Is Winter Leaving Your Hot Water Heater a Little Cold?
It's never fun when you're in the shower all lathered up and your hot water begins to run out. Suddenly, you begin to frantically look around the bathtub like the answer is somewhere hidden on the walls or shower curtain. In a futile effort to rid yourself of goosebumps, you get a little too forceful with the cold water knob and the next thing you know, you've scalded yourself. Sound familiar?
While this type of scenario is commonplace in many homes in which family members are competing for shower time in addition to the other chores that require hot water like running the dishwasher or doing a load of laundry, it can be an even larger issue when old man winter comes rolling around.

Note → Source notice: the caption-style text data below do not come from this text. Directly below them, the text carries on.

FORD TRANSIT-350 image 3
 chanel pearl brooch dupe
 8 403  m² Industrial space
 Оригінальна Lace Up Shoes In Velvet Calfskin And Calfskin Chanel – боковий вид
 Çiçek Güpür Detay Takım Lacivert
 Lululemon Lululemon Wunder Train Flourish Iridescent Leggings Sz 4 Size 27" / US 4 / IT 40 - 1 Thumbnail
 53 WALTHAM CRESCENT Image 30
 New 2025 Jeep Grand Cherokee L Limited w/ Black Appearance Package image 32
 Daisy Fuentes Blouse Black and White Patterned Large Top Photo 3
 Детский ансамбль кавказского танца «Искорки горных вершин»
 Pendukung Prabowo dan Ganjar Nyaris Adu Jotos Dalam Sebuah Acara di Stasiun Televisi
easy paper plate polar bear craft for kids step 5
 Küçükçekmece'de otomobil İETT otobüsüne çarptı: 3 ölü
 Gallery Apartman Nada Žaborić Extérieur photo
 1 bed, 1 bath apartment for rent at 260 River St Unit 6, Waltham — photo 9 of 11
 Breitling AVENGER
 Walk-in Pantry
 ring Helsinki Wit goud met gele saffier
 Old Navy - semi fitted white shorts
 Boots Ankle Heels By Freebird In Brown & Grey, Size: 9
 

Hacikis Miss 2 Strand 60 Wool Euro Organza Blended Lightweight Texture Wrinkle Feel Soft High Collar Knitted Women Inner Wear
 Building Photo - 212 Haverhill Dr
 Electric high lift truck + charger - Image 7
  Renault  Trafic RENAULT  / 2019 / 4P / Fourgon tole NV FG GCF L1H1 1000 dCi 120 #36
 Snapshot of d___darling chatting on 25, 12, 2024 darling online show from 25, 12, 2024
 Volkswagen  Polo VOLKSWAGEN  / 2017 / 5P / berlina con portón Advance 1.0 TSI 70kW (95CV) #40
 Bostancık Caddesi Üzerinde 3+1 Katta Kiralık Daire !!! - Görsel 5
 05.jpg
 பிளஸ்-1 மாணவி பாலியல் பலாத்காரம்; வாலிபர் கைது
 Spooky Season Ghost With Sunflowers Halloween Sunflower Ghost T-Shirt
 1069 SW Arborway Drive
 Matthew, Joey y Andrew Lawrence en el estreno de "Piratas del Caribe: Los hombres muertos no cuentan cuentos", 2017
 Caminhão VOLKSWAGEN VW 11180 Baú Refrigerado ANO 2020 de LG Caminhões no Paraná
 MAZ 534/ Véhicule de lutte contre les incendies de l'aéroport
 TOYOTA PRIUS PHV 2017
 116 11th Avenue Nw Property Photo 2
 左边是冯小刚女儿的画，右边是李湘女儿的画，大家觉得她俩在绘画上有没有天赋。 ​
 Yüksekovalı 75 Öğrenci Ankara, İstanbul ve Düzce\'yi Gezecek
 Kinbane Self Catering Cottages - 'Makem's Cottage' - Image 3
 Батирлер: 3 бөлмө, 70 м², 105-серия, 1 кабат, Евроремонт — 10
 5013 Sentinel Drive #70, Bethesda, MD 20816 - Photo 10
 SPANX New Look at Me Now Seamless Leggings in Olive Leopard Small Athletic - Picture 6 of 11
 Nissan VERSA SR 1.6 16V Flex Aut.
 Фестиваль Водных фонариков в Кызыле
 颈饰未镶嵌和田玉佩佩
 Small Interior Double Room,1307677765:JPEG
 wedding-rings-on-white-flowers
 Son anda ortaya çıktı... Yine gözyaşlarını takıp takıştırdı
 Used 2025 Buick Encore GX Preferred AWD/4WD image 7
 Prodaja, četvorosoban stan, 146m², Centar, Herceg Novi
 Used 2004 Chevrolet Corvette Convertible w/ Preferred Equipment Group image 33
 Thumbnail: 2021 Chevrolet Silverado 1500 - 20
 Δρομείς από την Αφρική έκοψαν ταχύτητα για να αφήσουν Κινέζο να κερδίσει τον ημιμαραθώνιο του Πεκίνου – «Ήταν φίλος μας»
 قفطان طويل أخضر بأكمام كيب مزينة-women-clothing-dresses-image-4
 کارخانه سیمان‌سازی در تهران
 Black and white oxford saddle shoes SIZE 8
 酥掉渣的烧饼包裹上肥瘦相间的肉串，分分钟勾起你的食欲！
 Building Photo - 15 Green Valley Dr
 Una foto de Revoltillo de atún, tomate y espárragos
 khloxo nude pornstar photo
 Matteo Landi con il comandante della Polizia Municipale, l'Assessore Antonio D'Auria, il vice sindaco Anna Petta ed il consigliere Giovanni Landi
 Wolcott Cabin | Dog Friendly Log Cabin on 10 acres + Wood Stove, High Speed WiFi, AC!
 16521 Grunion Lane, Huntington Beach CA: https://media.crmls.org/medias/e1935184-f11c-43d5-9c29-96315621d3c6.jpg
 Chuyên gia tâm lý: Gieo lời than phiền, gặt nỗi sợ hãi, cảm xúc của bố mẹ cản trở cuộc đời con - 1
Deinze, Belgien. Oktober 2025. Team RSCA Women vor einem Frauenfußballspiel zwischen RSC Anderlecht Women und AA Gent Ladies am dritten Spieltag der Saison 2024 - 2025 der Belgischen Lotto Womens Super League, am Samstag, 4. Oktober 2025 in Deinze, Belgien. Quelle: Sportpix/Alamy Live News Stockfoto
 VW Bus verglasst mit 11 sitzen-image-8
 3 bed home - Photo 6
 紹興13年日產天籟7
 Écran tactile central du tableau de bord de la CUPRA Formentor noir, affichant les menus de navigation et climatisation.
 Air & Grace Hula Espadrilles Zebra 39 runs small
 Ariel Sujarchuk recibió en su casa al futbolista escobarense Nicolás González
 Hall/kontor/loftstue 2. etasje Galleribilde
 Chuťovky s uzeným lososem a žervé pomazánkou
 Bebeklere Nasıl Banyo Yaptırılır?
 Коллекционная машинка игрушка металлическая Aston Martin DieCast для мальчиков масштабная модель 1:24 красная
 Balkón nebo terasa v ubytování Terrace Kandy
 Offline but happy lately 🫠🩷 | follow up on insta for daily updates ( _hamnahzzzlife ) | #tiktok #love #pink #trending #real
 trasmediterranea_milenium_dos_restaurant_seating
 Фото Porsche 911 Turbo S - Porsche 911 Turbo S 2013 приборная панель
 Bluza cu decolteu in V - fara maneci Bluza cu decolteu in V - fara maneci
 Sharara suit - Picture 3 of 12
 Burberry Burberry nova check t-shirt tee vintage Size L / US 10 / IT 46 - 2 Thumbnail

If you experience a significant difference in your hot water heater's performance in the year's latter or early months, then here are a few things you can check out.
Area Around the Heater
What is the environment like around your hot water heater? If your hot water heater is located in your basement, is it cold down there? Is there a draft? You may want to check out the area and perform some preventive maintenance, like re-caulking the basement windows or checking for anywhere cold air may be getting into the basement.
If the pipes that deliver the hot water from your water heater to the rest of your home are exposed for a long length before they head upstairs, then you may want to insulate them. Just wrap foam pipe insulation around the pipes and that will help to keep some of the heat from dissipating.
Many older hot water heaters, and some new ones, may have a broken or cracked dip tube. The dip tube is a plastic tube that runs from the cold water input to the bottom of the tank. This is how the cold water gets into the tank without disturbing the hot water near the top. If the tube is broken or cracked, then cold water is leaking out into your hot water supply and cooling it off. The dip tube is replaceable on many water heaters. You may begin to notice pieces of plastic showing up in your aerators if your dip tube is broken.
If your hot water heater is a little cold, you can try warming it up by covering it with a blanket. Not the type of blanket you would use to stay warm, but a specially-made wrapping that covers the hot water heater. With your hot water heater wrapped, you can actually turn down the temperature on your water heater as the wrapping will help to keep the water about ten degrees warmer than what you have it set at.
If you have tried these tips and you are still unsuccessful at improving your hot water heater's performance in the winter, then you may want to have someone check your heating elements (if electric), pilot light, or thermostat. In addition, you should perform your usual maintenance routines like cleaning out the debris by flushing out the system. Of course, there's always the chance that your hot water heater may be bad, however, if it works fine throughout the summer months and it only suffers in the winter, then odds are it is one of these problems.